* _THE PROBLEM_: Images are not part of the copy; write out the rest of the data exactly as given.

Brief descriptive captions:
━━━━━━━━━━━━━━━━

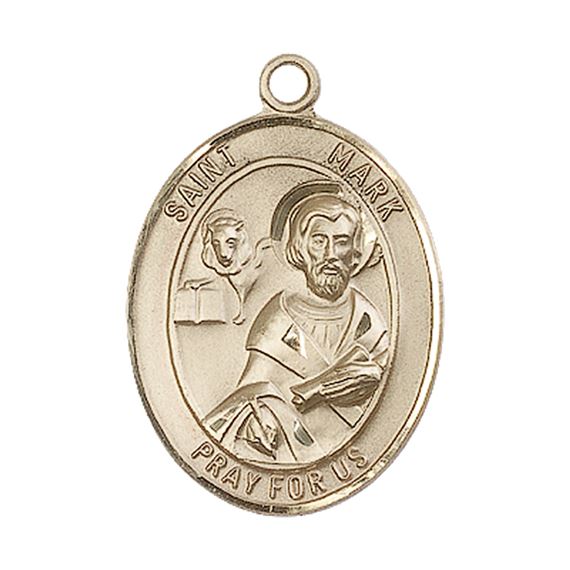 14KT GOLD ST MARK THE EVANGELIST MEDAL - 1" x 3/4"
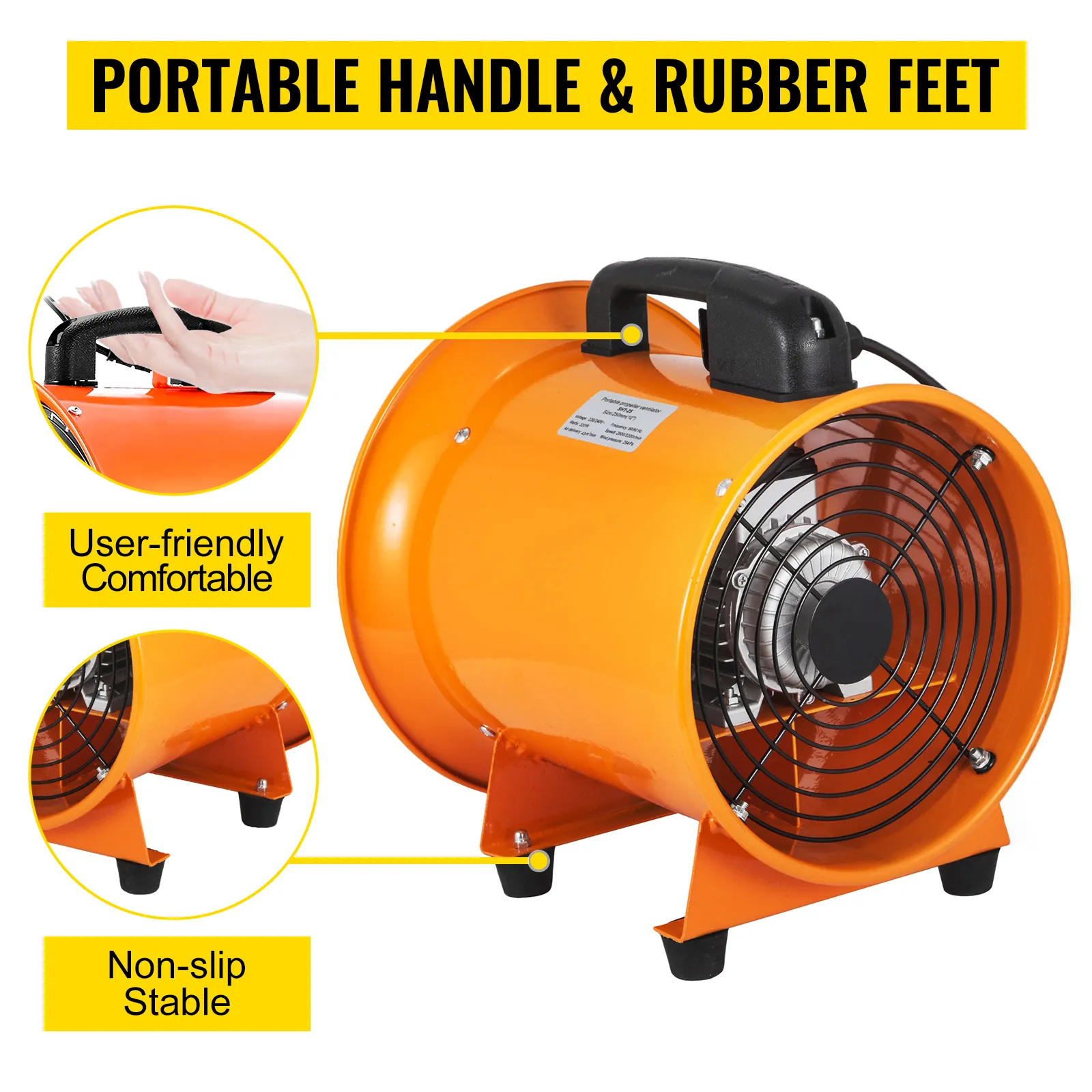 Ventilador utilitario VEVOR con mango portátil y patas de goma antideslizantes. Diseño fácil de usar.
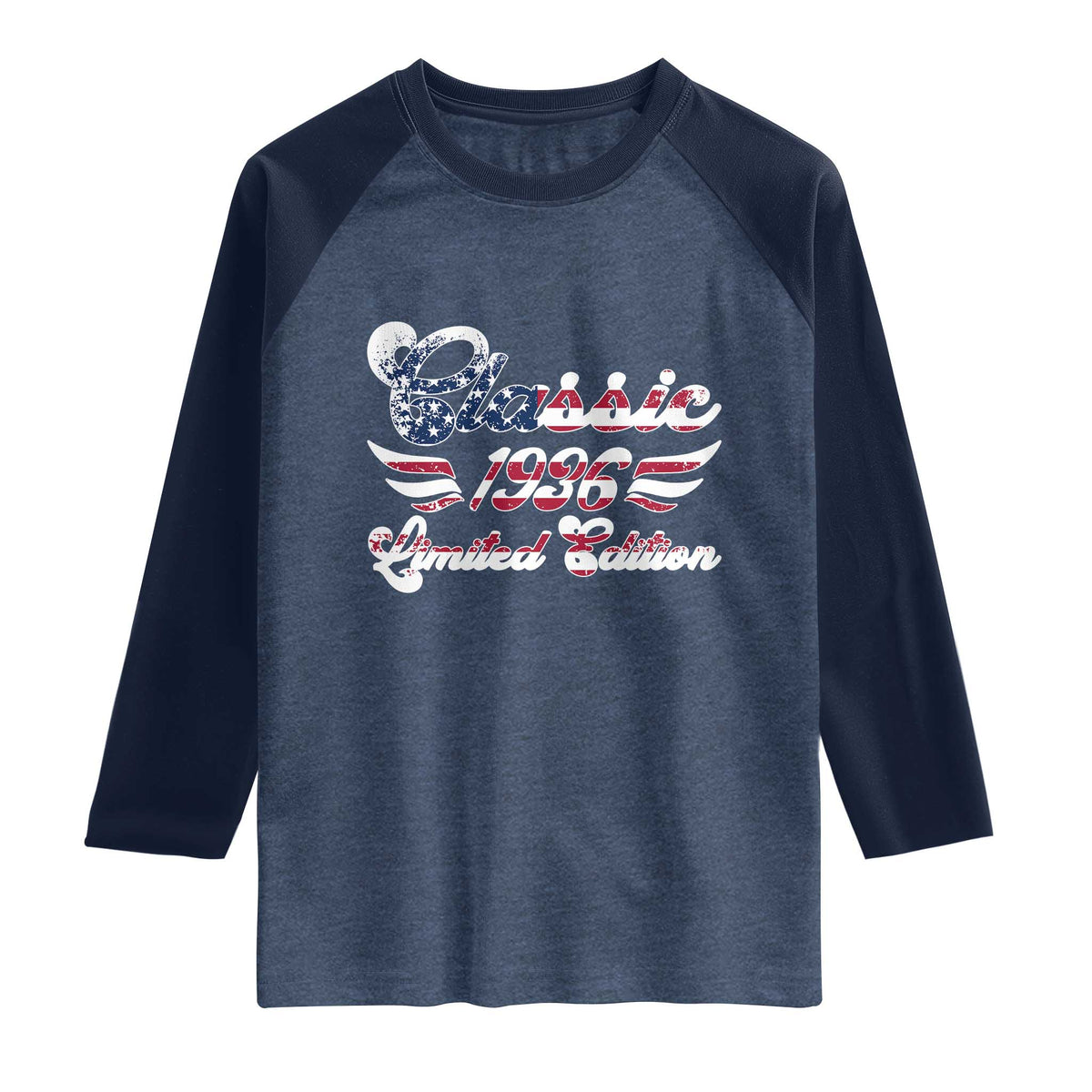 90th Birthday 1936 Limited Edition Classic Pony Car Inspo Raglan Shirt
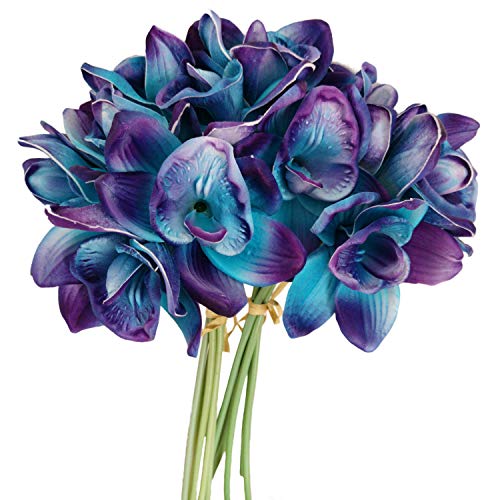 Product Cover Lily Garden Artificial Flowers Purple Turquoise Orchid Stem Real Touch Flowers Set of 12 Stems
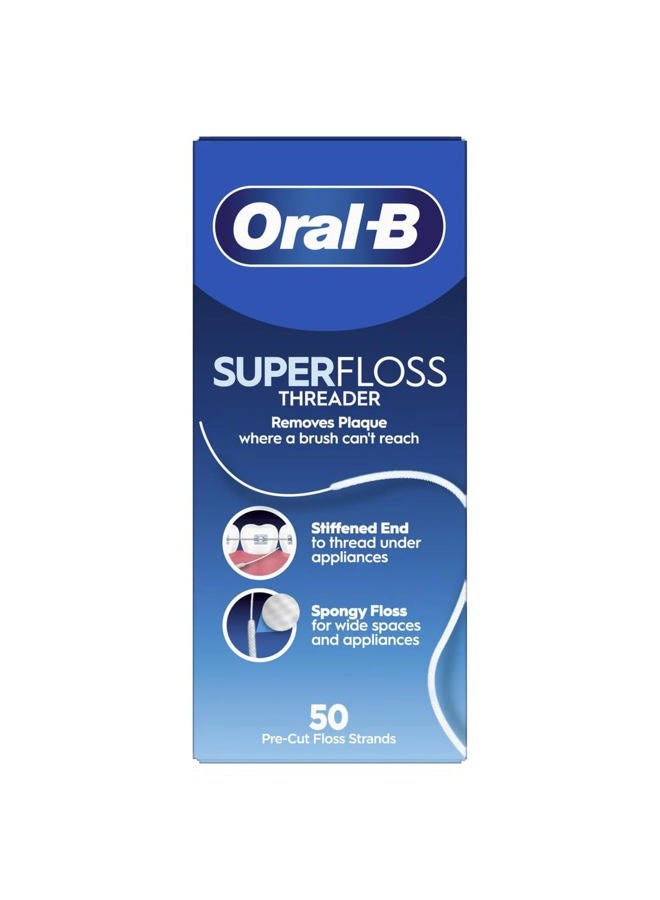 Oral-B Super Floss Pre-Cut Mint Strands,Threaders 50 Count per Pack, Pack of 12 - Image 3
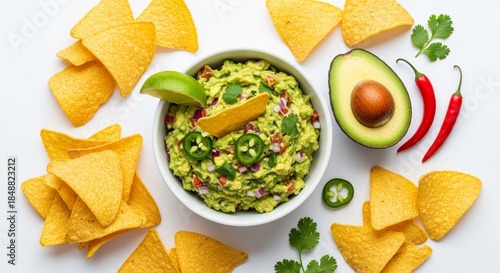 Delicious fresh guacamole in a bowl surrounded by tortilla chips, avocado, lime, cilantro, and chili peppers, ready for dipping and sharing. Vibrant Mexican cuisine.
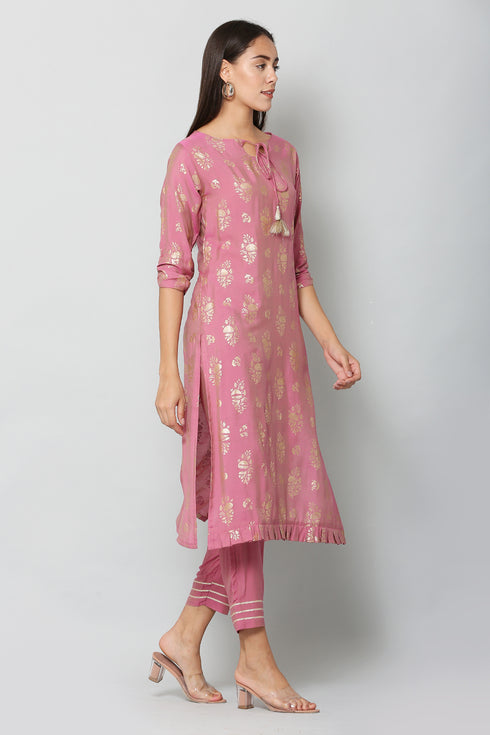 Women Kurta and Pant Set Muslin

━━━━━━━━━━━━━━━━

* _ANSWER SPACE_:
 14KT GOLD ST MARK THE EVANGELIST MEDAL - 1" x 3/4"
 Ventilador utilitario VEVOR con mango portátil y patas de goma antideslizantes. Diseño fácil de usar.
 90th Birthday 1936 Limited Edition Classic Pony Car Inspo Raglan Shirt
 Product Cover Lily Garden Artificial Flowers Purple Turquoise Orchid Stem Real Touch Flowers Set of 12 Stems
 Oral-B Super Floss Pre-Cut Mint Strands,Threaders 50 Count per Pack, Pack of 12 - Image 3
 Delicious fresh guacamole in a bowl surrounded by tortilla chips, avocado, lime, cilantro, and chili peppers, ready for dipping and sharing. Vibrant Mexican cuisine.
 Women Kurta and Pant Set Muslin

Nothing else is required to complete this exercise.